_Task_
Filter the records below down to lines containing "Supplies".

[Source data]
----

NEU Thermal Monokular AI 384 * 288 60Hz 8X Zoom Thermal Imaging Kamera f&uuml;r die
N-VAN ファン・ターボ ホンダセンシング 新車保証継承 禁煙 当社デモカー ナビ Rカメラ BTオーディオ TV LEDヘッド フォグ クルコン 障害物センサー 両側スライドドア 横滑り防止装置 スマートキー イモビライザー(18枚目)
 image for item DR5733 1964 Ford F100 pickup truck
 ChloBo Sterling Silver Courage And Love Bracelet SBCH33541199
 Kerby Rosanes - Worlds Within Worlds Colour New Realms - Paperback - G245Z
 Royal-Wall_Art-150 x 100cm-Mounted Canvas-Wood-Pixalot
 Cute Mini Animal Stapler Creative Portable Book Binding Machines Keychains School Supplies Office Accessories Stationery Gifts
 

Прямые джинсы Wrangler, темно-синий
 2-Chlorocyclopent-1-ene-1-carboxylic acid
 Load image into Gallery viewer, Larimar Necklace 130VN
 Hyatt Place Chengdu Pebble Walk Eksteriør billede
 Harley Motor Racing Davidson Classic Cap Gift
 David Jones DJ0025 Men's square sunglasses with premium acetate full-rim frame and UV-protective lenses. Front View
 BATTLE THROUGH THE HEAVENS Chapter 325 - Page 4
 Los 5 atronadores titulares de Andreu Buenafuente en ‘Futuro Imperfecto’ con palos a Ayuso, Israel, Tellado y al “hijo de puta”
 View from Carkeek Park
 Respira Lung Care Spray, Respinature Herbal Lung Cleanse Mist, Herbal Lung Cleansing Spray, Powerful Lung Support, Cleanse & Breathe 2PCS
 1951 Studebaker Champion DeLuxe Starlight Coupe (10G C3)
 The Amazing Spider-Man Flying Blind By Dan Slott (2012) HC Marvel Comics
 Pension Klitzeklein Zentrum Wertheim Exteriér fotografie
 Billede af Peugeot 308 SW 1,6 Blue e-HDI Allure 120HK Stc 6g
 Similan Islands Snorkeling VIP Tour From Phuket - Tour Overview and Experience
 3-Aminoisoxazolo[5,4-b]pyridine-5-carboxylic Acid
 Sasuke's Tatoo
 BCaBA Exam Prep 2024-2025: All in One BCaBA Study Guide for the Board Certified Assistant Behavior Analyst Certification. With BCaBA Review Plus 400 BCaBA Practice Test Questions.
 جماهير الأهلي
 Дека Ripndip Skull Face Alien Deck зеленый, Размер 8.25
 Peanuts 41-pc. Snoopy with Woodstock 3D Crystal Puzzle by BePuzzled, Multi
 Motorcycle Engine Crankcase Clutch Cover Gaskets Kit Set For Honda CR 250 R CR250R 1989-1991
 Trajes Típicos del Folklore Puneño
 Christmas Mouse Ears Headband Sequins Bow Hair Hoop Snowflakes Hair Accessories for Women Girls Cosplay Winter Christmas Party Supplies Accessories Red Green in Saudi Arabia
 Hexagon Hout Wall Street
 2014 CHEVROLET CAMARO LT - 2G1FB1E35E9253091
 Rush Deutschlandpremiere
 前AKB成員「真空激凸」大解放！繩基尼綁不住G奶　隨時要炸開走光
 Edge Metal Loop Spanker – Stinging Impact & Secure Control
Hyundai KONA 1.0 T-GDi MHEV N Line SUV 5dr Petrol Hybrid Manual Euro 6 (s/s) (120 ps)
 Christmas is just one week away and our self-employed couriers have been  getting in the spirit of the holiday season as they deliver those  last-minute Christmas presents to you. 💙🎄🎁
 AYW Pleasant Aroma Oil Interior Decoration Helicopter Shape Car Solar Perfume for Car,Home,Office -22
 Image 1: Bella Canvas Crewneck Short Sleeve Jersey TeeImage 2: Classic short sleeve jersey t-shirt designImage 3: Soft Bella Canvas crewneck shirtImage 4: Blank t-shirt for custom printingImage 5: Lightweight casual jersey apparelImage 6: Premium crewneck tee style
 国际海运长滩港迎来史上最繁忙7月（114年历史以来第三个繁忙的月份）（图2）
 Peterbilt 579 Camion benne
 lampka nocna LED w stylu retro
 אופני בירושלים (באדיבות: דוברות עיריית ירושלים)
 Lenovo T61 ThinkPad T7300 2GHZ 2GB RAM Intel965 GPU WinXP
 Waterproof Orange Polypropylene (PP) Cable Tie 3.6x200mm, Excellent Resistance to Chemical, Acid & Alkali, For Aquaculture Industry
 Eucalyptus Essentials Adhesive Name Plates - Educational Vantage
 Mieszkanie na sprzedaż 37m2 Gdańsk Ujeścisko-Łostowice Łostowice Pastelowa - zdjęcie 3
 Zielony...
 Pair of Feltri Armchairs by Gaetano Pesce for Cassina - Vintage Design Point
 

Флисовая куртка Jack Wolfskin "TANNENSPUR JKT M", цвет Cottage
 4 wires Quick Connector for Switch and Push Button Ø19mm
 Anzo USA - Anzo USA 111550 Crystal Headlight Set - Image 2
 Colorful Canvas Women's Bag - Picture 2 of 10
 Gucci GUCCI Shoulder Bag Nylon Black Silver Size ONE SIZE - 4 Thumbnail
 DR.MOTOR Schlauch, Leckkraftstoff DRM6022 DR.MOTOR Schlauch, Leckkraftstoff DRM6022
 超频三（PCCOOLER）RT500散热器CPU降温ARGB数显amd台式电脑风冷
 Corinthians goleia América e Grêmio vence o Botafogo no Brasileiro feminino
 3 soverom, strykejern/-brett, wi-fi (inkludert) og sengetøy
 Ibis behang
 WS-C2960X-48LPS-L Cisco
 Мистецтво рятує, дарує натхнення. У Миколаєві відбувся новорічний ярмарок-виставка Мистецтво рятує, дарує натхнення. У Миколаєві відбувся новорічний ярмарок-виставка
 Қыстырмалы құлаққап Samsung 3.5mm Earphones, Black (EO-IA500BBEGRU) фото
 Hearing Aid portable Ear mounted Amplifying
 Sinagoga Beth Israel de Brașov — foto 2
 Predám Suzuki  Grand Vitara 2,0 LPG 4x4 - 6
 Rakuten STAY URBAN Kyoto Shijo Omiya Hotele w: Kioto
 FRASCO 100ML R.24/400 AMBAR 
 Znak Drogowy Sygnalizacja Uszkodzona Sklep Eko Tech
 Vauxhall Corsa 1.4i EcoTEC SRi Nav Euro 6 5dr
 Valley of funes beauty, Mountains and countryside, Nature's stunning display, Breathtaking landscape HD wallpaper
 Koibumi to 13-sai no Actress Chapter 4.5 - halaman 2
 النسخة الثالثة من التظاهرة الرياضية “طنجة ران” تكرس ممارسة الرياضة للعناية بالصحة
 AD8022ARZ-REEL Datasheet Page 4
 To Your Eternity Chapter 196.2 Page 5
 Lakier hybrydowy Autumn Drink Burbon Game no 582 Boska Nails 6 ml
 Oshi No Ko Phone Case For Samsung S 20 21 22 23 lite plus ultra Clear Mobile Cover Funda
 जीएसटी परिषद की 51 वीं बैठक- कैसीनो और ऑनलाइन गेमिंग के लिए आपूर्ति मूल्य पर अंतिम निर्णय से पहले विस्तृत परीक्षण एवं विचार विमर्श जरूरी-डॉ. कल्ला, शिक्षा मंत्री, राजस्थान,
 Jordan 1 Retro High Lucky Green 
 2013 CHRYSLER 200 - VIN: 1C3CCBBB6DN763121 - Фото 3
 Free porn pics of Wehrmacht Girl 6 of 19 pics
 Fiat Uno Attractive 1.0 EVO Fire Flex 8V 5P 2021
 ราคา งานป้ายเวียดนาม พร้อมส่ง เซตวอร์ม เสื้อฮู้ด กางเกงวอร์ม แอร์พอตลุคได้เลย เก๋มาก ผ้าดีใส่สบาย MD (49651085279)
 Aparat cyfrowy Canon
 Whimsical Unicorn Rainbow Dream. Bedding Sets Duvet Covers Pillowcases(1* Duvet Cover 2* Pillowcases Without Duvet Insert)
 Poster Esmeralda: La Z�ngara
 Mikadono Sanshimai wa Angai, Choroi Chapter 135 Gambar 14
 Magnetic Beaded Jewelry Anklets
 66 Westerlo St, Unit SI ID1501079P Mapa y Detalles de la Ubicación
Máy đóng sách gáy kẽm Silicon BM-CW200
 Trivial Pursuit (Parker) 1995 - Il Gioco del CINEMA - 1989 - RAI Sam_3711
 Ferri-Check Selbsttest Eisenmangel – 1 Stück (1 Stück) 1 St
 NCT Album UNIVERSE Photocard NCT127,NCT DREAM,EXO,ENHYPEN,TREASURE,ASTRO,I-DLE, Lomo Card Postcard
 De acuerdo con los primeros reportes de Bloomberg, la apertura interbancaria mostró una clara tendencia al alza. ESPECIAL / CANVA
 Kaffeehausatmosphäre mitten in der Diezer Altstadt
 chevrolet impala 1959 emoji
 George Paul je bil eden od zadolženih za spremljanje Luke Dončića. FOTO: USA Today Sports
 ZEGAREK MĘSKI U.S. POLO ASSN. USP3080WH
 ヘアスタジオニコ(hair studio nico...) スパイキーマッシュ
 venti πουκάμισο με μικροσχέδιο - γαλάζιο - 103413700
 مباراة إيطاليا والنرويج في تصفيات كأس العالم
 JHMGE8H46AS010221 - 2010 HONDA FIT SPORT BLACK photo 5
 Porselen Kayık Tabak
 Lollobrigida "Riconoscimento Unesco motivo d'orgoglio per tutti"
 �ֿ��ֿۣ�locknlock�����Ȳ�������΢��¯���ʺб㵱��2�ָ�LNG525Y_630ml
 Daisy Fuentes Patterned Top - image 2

----

_Response_
 Cute Mini Animal Stapler Creative Portable Book Binding Machines Keychains School Supplies Office Accessories Stationery Gifts
 Christmas Mouse Ears Headband Sequins Bow Hair Hoop Snowflakes Hair Accessories for Women Girls Cosplay Winter Christmas Party Supplies Accessories Red Green in Saudi Arabia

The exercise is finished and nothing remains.